Flutter gives its developers a lot of freedom in terms of architectural choices and other software and codebase-related decisions. It does not have a strong opinion on folder structure, file conventions, etc. This can be a blessing as well as a pain. Blessing in the sense that the developer is free to fine-tune the project and directory structure according to his/her needs and the needs of the project; while at the same time the lack of defined structure can make large projects extremely difficult to manage.

The community has adopted some patterns and two of the most popular ones are Folder By Type/Domain and Folder By Feature.

Folders By Type/Domain

By far the most common pattern among Flutter developers, the folder by type patterns suggests organizing files according to their functionality/type. For example, all screens would go in a folder called screens or something similar, data models go into a folder called models or similar, and so on. This pattern is extremely intuitive and very beginner-friendly. This pattern works well with smaller projects but as soon as you start having more than 10–15 files of each type, it quickly gets extremely difficult to manage and maintain. Most of the developer time is spent searching for the right file and hence this pattern does not scale well for large projects.

--lib
|--screens
|--widgets
|--services
|--view_models
|--services
|-- ...

Folders By Feature

If you have a large project, the folders by feature pattern is the way to go. It scales well and organizes files in its feature folder. The core concept is to have folders as per the features in the application which ensures that the screens, widgets, controllers, services for that particular feature are all contained within a single folder. This pattern may be overkill for a small project or difficult to foresee for a project that does not have well-defined features.

--lib
|--feature_1
| |--screens
| |--widgets
| |--models
| |--services
| |--view_models
|--feature_2
| |--screens
| |--widgets
| |--models
| |--services
| |--view_models
|....

To help with the folder by feature pattern, I authored a very opinionated CLI tool that generates the folder structure and the required files within them to provide an excellent structure for code organization, testing while still being maintainable and easy to use.

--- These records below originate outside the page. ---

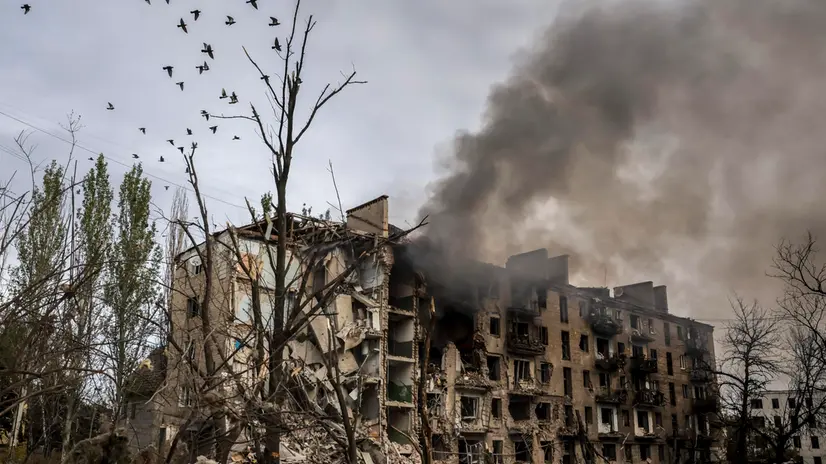 epa12452642 A handout photo made available by the press service of the 24th Mechanized Brigade of the Ukrainian Armed Forces on 14 October 2025 shows the damaged city of Kostiantynivka in the Donetsk region, Ukraine, 12 October 2025, amid the ongoing Russian invasion. Around 5,500 people remain in the frontline town of Kostiantynivka, according to Vadym Filashkin, head of the Donetsk Regional Military Administration. Residents face daily air strikes, artillery fire, and drone attacks, living without basic infrastructure, including water, electricity, and gas supplies. EPA/PRESS SERVICE OF THE 24 MECHANIZED BRIDGE / HANDOUT HANDOUT EDITORIAL USE ONLY/NO SALES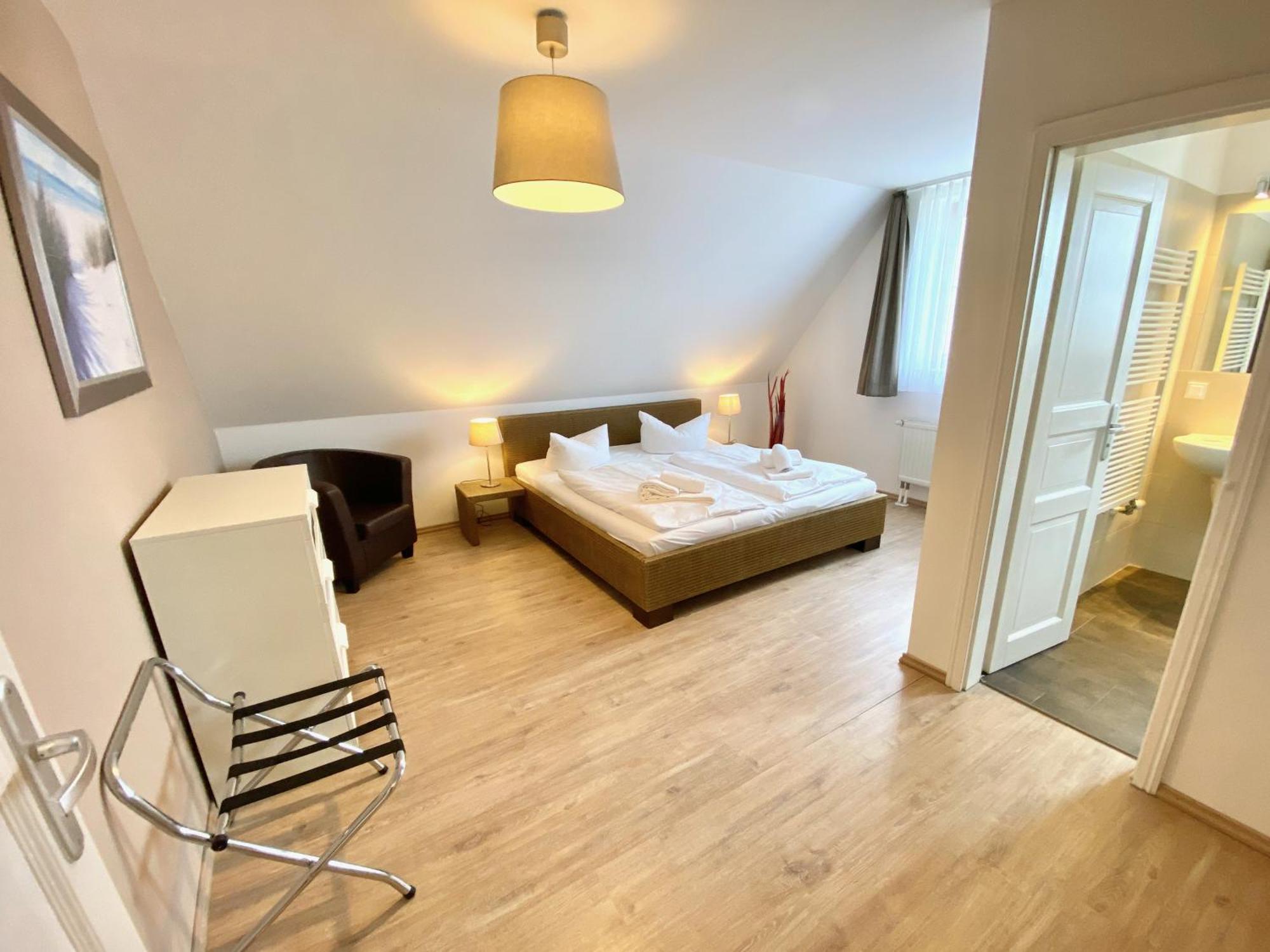 Moenchgut Living & Spa Gager Room photo A typical room at the hotel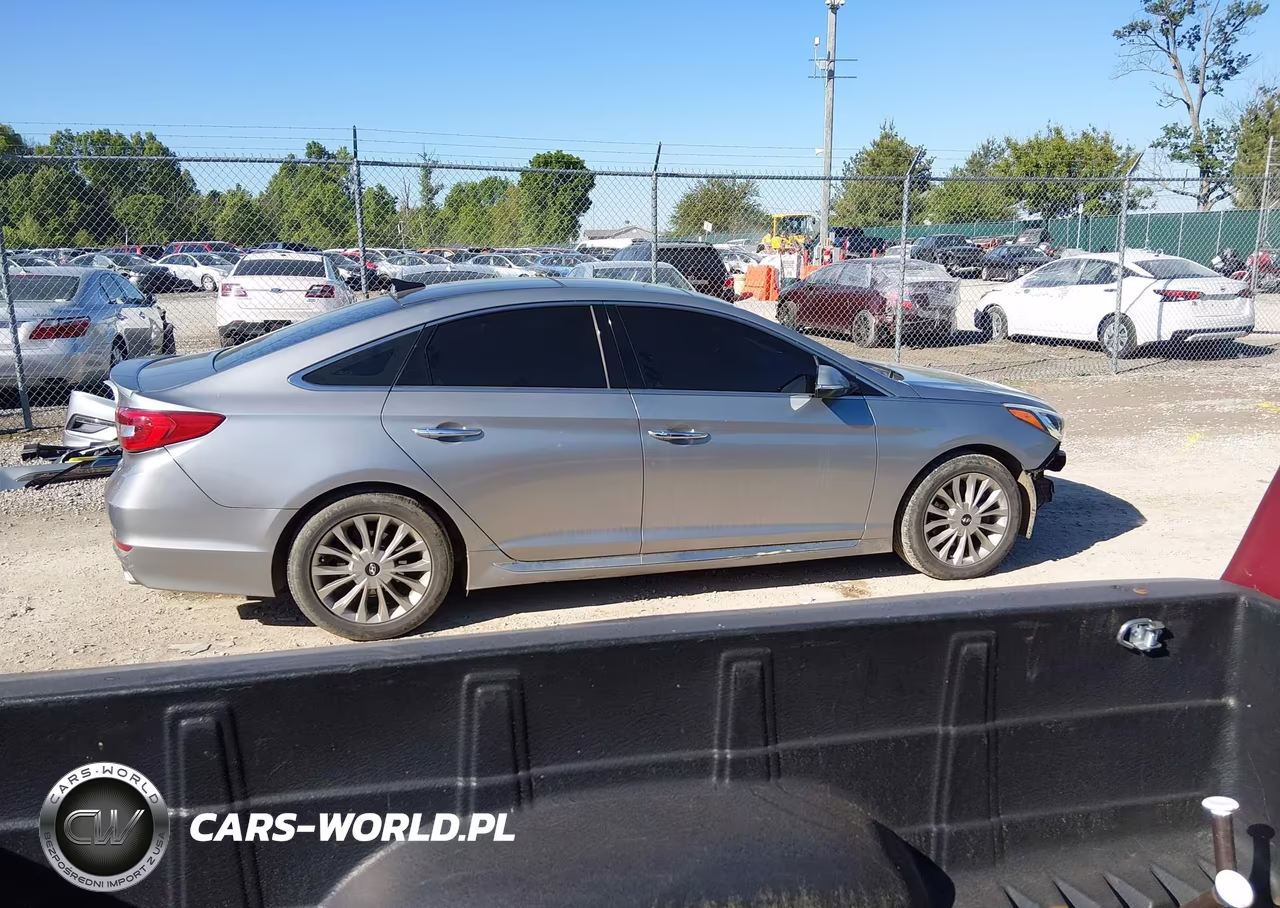 2015 Hyundai Sonata Limited VIN:5NPE34AF9FH038913 - 14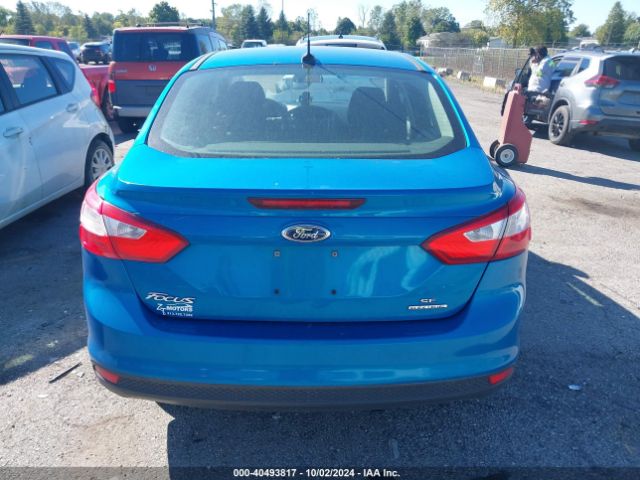 1FADP3F27EL194951 Ford FOCUS SE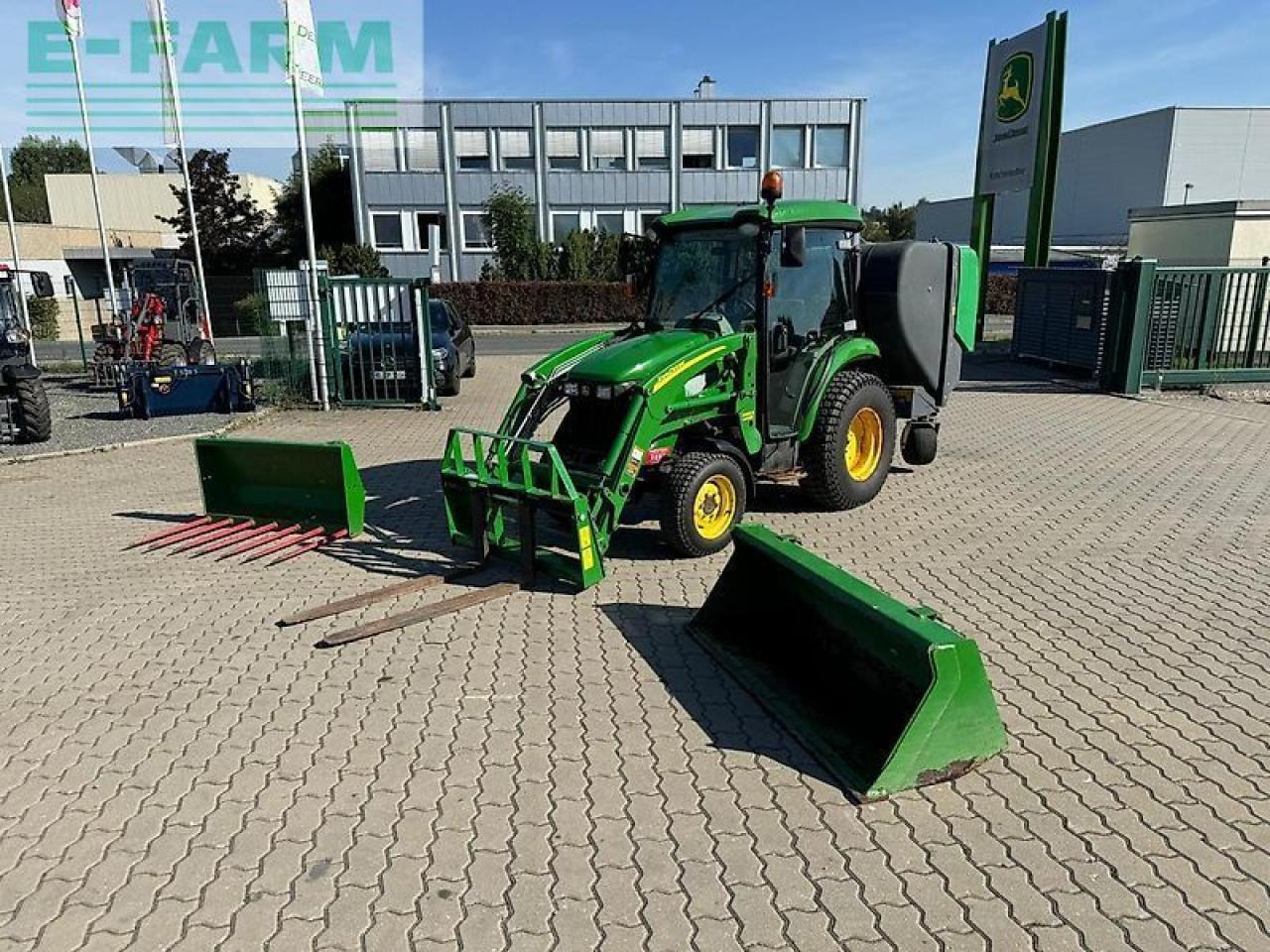 John Deere 3720 - Traktors: foto 1 John Deere 3720 - Traktors: foto 1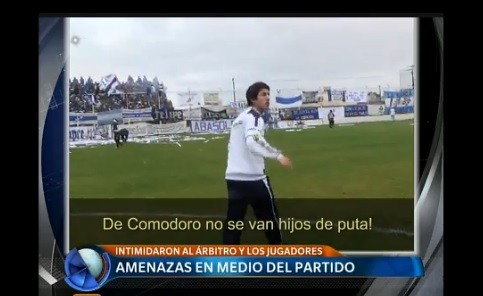 Amenazas en medio del partido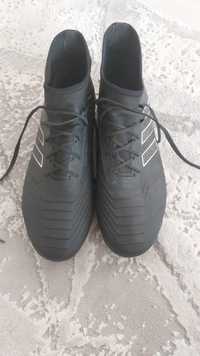 Ghete de fotbal adidas predator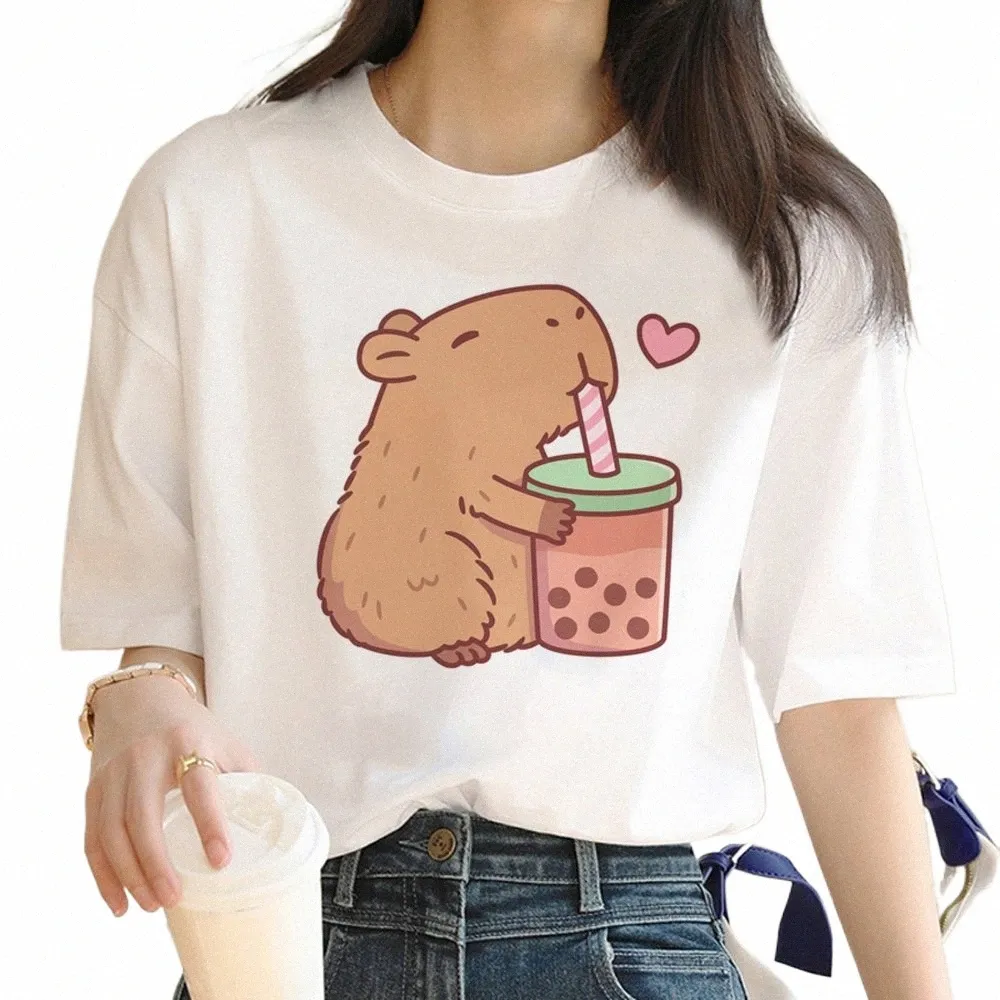 Capybara t Shirt طباعة صيف صيف أبيض أعلى تي شيرت تي شيرت المحملات النساء عتيقة الشارع الشارع 90s بالإضافة إلى حجم tshirt أنثى J9da#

It generates a folder structure like below:

feature1/
┣ domain/
┃ ┣ models/
┃ ┃ ┗ feature1_model.dart
┃ ┣ repository/
┃ ┃ ┗ feature1_repository.dart
┃ ┣ services/
┃ ┃ ┗ feature1_service.dart
┃ ┗ feature1_domain.dart
┣ providers/
┃ ┣ feature1_provider.dart
┃ ┗ providers.dart
┣ screens/
┃ ┣ feature1_screen.dart
┃ ┗ screens.dart
┣ widgets/
┃ ┣ feature1_widget.dart
┃ ┗ widgets.dart
┗ index.dart

The different components in the folder structure are:

  • Domain → Models — contains all the data models and JSON to/from Dart helper functions
  • Domain → Repository — contains abstract classes that describe the feature functionality
  • Domain → Services — contains the actual implementation of the repository
  • Providers — contains everything related to the state for that particular feature
  • Screens — contains full screens that have a Scaffold
  • Widgets — contains all the widgets required for that particular feature

Each of the folders has a common export file that simply exports everything which enables us to tidy up our imports when importing multiple things from the same feature.

Bonus Tip

Another great approach to code organization and modularity is extracting common pieces of code into packages. This can be done by either publishing a package to pub.dev, uploading to a remote git repository, or the easiest way, by having them in the same codebase as separate folders in a packages folder in the project root.

--lib
--packages
|--pkg_1
| |--lib
| |--pubspec.yaml

Each package would have its pubspec.yaml file that would contain dependencies only for that package. The packages can then be imported using the following in the project pubspec.yaml file:

pkg_1:
path: ./packages/pkg_1

In conclusion, the choice depends on the scale of the project you are undertaking but having an opinionated pattern for larger projects is the way to go as it brings consistency at the cost of some boilerplate code which is a good deal in most cases.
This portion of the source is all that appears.